Como “programador” do “cluster” do pensamento, João Serra foi um desastre completo, como o Amaro sabe. Eu não comungo de certo unanimismo quanto às supostas virtudes do que tem sido programado para 2012. Tenho, aliás, muitas reservas em relação à acção de vários programadores, mas nenhuma das áreas de programação se aproxima do nível de indigência da que tem estado a cargo de João Serra, que não tem uma linha mínima de coerência. É tudo desgarrado e de uma displicência insuportável. A área do pensamento não foi pensada. Para quem chegou a embandeirar com a figura de Vargas Llosa como programador, é desconcertante que o ”escritor” escolhido para fazer uma “residência artística” em Guimarães seja o “marqueteiro” que foi responsável pela campanha do Guterres. Edson Athaide? Valha-nos Santa Engrácia.
Se João Serra não soube programar, também não deixa uma grande imagem no que toca à escolha de quem com ele trabalha. Sabia o Amaro que João Serra tem um assistente para a programação do Pensamento que ninguém percebe o que anda a fazer. Pelo que ganha, deveria trabalhar a tempo inteiro, mas lá por Vila Flor não é fácil pôr-lhe os olhos em cima. E circula de boca em boca a solução que encontrou para não criar nem defraudar expectativas a quem apresentou propostas de iniciativas para 2012: simplesmente, não responder aos interessados.
João Serra não serve para programar, não serve para escolher as pessoas que deveriam trabalhar com ele. Quem é que se convenceu de que servia para presidir a uma Fundação?
Aquilo que o homem faz bem, são jogos de bastidores. Foi ganhando aliados, confidenciando-lhe as suas diferenças em relação a quem de facto mandava na FCG, mas sempre por baixo da mesa. Mas nunca teve a frontalidade para assumir publicamente as discordâncias que ia revelando em privado. Não se percebia bem qual seria a sua intenção. Se tinha divergências tão insanáveis como as que segredava, o que se poderia esperar era que batesse com a porta, Agora, julgo que já percebi qual era o seu objectivo. Já o atingiu.
Não estou nada convencido de que tivéssemos ficado a ganhar com a dança de presidentes na FCG.
Ao Cidadão com Dúvidas,

Os que agora lideram o processo "têm nas mãos a possibilidade de transformarem a imagem que actualmente existe da CEC, através de uma dinâmica que concretize as ideias, frases e palavras que ao longo do último ano e meio foram sendo escritas e apresentadas" - não podia estar mais de acordo.
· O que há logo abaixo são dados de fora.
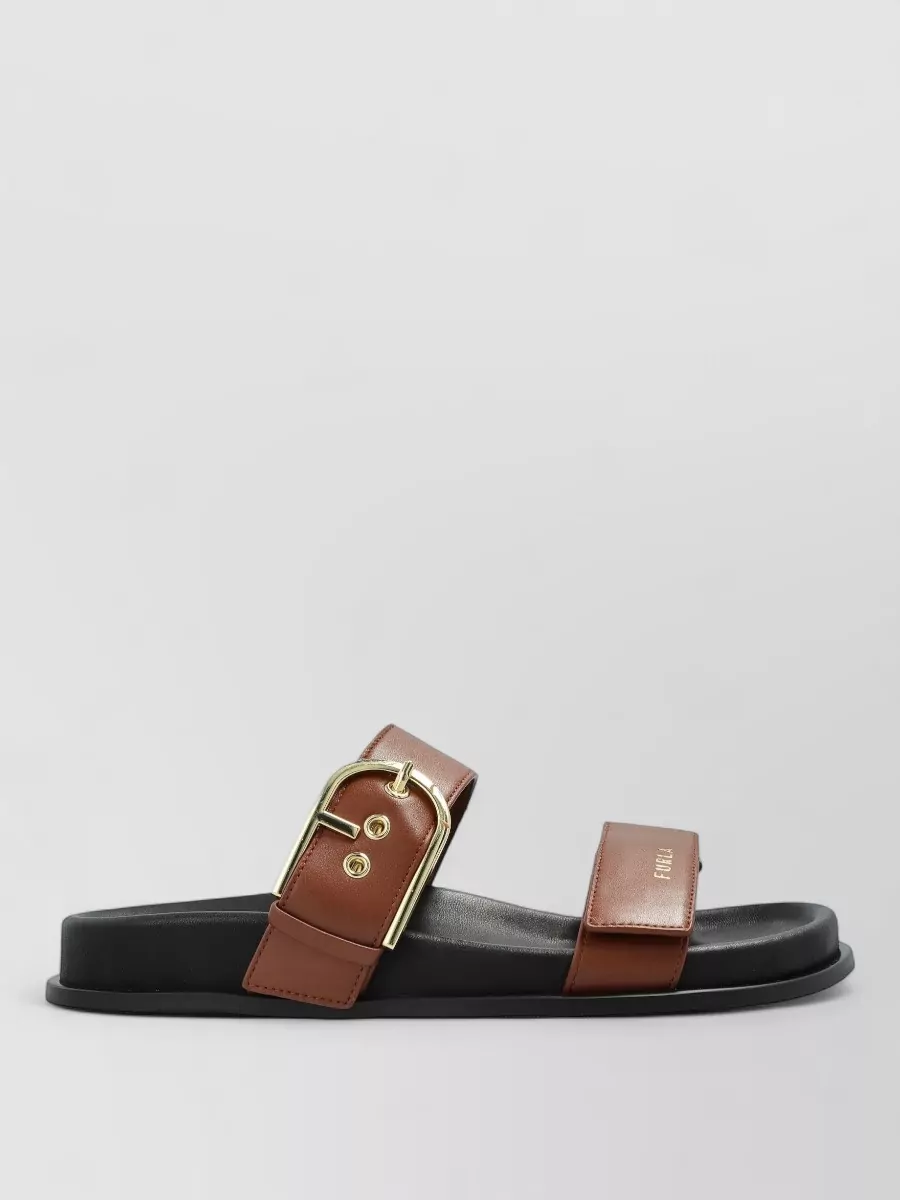 Furla Leather Solea Sandals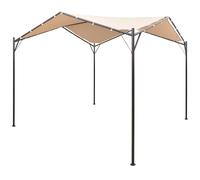 Gazebo 3x3 m Anthracite Steel Frame Oxford Fabric Canopy Outdoor Shelter2.6mHUV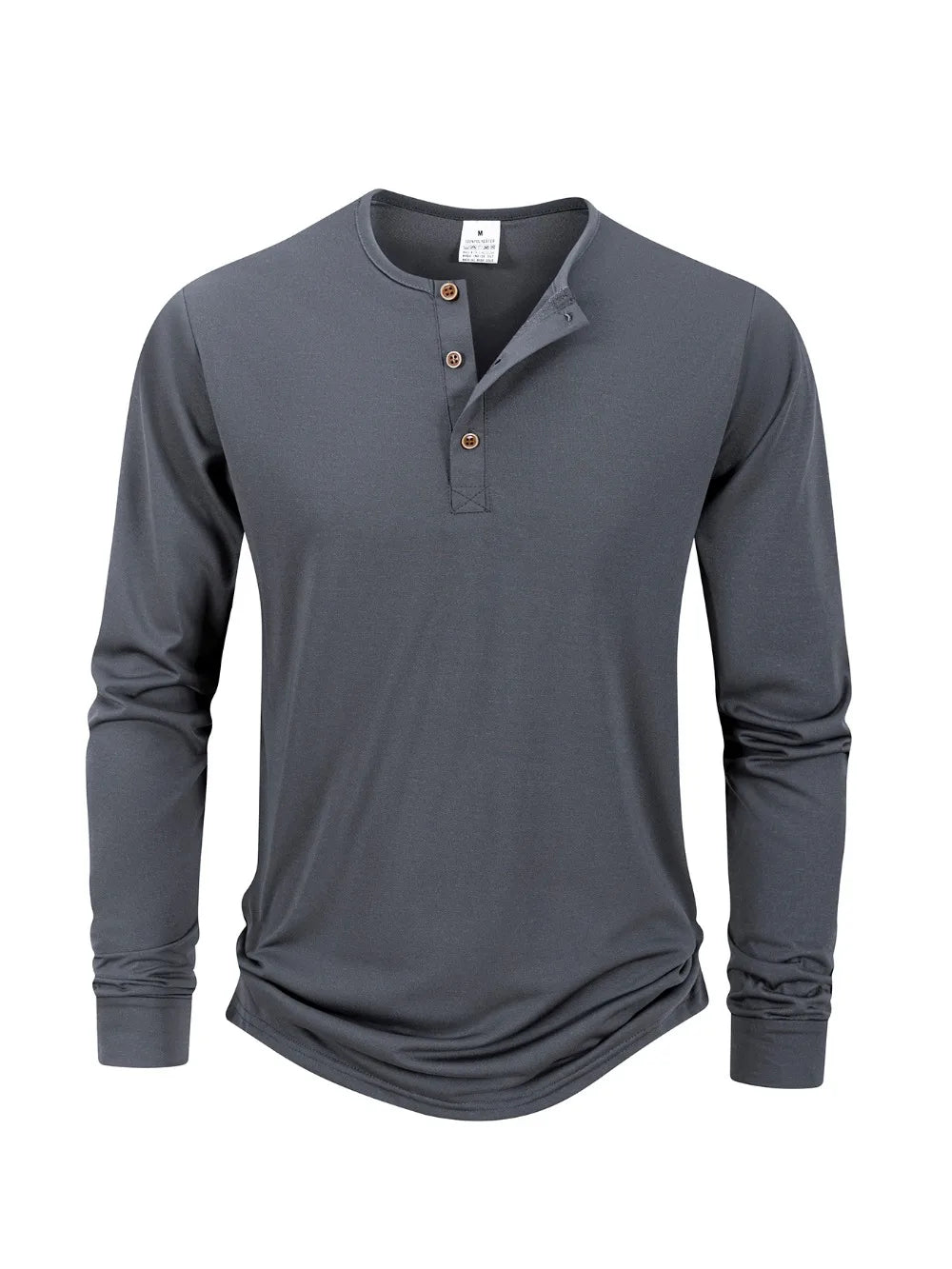 Henley Long Sleeve Neckline Shirt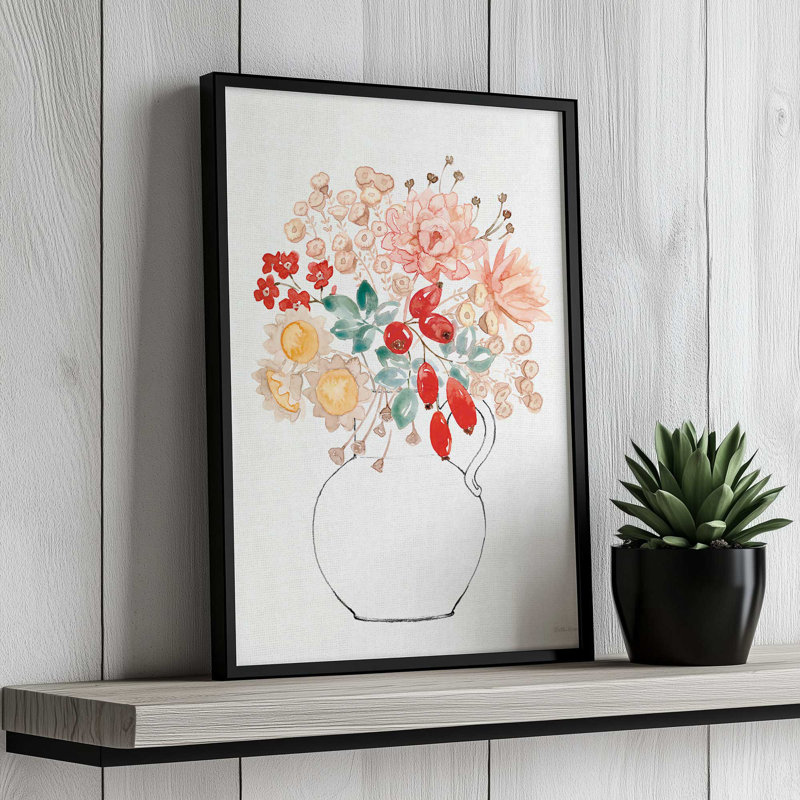 «Festive Season X» par Beth Grove, reproduction d'art, Brun, H 16 po x l 12 po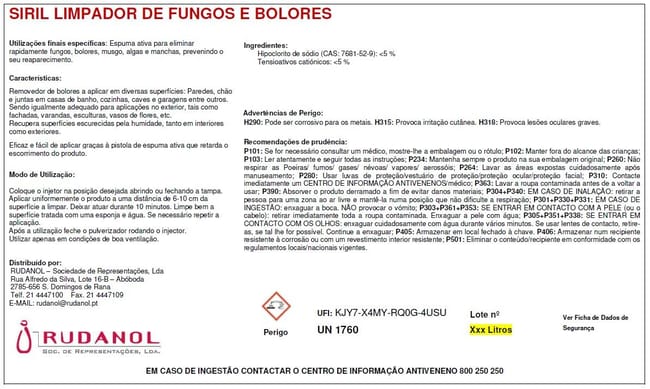 SIRIL Elimina Fungos e Bolores 500ml - Image 5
Ao Cidadão (ainda) perplexo,

Acredite que o que agora menos me importa é discutir o que se passou para se chegar onde se chegou (dizer isto não é o mesmo que dizer que devemos ignorar o passado - bem pelo contrário, o passado serve como lição para que não se reincida nos mesmos erros). O que agora faz falta é recuperar a auto-estima e o entusiasmo, olhar em frente e acreditar que ainda é possível (só pode ser possível!)construir-se um 2012 que não nos desiluda. Tudo o mais é, hoje por hoje, irrelevante.

Como eu já disse repetidas vezes, as contas não se fazem agora, fazem-se no fim.
Cidadão com dúvidas disse…
Caro Amaro,
é um privilégio perceber que partilhamos do mesmo conjunto de expectativas.